Haggai had probably seen the temple in all its glory before the most of the population was led into bablonyan exile. So while many had never seen the splendor of an ornate temple, he had. He was probably as excited as everyone else when they returned and the work on the temple began. But just like many of us today, we begin a project with a lot of zeal only to slowly realize how big the project really is. We work and toil to the point it becomes functional, we then unintentionally slow down and stop. It's not on purpose. Life gets in the way. After a while the feeling we need to finish fades. We become comfortable with the way it is. It's “good enough.”
The difference between complacency and apathy is that complacency is a feeling of contented self-satisfaction while apathy is a complete lack of emotion or motivation about a person, activity, or object; lack of interest or enthusiasm; disinterest.
There was a Danish philosopher named Soren Kierkegaard who wrote a parable to illustrate the simple slide into complacency. The parable begins, one Spring, a duck was flying north with a flock. In the Danish countryside that particular duck spotted a barnyard where tame ducks lived. The duck dropped down and he discovered these ducks had wonderful corn to eat. So he stayed for an hour....then for the day....a week then went by and a month. And because the corn and the safe barnyard were so fine, our duck ended up staying the whole Summer at that farm. Then one crisp Fall day, some wild ducks flew overhead, quacking as they winged their way south. He looked up and heard them -- and he was stirred with a strange sense of joy and delight. And then, with all his might he began flapping his wings and rose into the air, planning to join his comrades for the trip south.
But all that corn had made the duck both soft and heavy -- and he couldn't manage to fly any higher than the barn roof.

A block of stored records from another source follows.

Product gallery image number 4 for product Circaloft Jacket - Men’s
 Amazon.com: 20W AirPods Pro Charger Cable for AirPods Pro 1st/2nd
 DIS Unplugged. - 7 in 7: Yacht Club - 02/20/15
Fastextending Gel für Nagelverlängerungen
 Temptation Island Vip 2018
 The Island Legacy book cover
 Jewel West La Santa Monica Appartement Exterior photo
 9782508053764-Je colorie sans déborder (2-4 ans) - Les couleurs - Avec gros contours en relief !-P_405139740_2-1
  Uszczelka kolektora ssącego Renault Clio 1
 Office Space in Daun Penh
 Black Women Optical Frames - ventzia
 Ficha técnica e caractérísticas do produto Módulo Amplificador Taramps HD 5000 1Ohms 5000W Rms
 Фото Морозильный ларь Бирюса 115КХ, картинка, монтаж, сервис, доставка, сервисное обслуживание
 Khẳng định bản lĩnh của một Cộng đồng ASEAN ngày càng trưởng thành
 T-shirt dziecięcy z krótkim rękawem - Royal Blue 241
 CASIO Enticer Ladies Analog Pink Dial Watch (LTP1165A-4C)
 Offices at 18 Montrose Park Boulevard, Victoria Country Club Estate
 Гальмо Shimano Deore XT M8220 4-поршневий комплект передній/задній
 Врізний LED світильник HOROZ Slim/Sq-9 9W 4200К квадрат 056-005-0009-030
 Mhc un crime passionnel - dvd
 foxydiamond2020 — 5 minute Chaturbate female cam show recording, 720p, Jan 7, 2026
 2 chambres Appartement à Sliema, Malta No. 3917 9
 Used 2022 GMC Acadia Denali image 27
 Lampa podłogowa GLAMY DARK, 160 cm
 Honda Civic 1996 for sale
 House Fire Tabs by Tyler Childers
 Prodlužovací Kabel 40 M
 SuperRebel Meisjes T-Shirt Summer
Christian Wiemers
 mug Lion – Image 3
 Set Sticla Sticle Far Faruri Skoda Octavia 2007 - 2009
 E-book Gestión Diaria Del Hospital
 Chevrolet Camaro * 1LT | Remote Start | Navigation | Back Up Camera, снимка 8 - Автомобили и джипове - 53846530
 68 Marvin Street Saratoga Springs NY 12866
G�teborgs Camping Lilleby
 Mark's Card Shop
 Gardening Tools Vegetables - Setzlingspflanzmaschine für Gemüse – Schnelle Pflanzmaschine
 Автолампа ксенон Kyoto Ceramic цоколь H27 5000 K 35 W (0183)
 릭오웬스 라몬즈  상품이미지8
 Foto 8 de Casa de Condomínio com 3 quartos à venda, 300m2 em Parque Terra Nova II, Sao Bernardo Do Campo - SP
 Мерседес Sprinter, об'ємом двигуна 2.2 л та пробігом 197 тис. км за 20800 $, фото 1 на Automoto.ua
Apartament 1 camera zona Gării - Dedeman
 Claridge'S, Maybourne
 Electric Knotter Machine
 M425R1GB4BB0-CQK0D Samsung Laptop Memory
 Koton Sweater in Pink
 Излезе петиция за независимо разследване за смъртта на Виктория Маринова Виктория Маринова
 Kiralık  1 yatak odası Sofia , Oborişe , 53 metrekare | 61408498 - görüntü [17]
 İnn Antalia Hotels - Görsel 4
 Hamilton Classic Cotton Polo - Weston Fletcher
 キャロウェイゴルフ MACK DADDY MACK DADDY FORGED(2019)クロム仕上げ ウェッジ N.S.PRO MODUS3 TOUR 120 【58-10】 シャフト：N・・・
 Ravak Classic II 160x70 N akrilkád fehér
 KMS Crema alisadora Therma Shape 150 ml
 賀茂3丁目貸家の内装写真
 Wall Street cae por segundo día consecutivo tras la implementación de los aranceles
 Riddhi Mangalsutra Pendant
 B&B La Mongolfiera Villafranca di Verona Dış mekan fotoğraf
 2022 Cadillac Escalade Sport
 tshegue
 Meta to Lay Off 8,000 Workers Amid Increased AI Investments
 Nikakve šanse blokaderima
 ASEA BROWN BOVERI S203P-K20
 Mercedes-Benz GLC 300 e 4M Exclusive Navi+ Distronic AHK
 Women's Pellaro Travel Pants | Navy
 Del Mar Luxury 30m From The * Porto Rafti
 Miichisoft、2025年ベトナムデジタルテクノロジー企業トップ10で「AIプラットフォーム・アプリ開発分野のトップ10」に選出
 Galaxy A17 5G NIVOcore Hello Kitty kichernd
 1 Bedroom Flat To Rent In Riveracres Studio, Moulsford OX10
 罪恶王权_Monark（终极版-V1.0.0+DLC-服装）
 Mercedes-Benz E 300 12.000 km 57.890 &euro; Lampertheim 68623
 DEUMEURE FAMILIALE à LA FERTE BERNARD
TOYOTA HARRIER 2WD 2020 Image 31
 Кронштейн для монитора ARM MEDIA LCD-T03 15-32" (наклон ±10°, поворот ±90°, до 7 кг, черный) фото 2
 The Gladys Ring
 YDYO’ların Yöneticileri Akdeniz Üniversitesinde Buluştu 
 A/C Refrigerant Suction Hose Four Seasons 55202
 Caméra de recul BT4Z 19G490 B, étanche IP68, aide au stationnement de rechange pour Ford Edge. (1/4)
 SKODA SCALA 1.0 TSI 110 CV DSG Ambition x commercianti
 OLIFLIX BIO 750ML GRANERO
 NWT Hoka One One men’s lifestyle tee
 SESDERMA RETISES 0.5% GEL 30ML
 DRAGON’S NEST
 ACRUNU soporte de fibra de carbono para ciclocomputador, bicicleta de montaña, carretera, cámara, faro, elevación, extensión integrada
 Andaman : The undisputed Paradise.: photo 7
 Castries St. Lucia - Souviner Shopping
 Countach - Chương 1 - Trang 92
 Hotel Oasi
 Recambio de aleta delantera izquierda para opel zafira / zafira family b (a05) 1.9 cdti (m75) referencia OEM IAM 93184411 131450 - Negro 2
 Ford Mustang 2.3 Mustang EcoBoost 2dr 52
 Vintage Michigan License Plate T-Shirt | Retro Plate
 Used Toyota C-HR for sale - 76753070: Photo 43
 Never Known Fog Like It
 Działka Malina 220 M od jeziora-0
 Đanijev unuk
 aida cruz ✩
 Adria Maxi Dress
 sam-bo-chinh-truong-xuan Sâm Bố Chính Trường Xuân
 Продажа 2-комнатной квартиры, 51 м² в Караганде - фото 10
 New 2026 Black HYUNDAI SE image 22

So he dropped back to that barnyard and he said to himself, "Oh well, my life here is safe and the food is good!" After that in the Spring and in the Fall, that duck would hear wild ducks honking as they passed overhead -- and for a minute, his eyes would look and gleam -- he'd start flapping his wings almost without realizing it...but then a day came, when those others would pass overhead uttering their cry -- and the now tame duck would not pay the slightest attention.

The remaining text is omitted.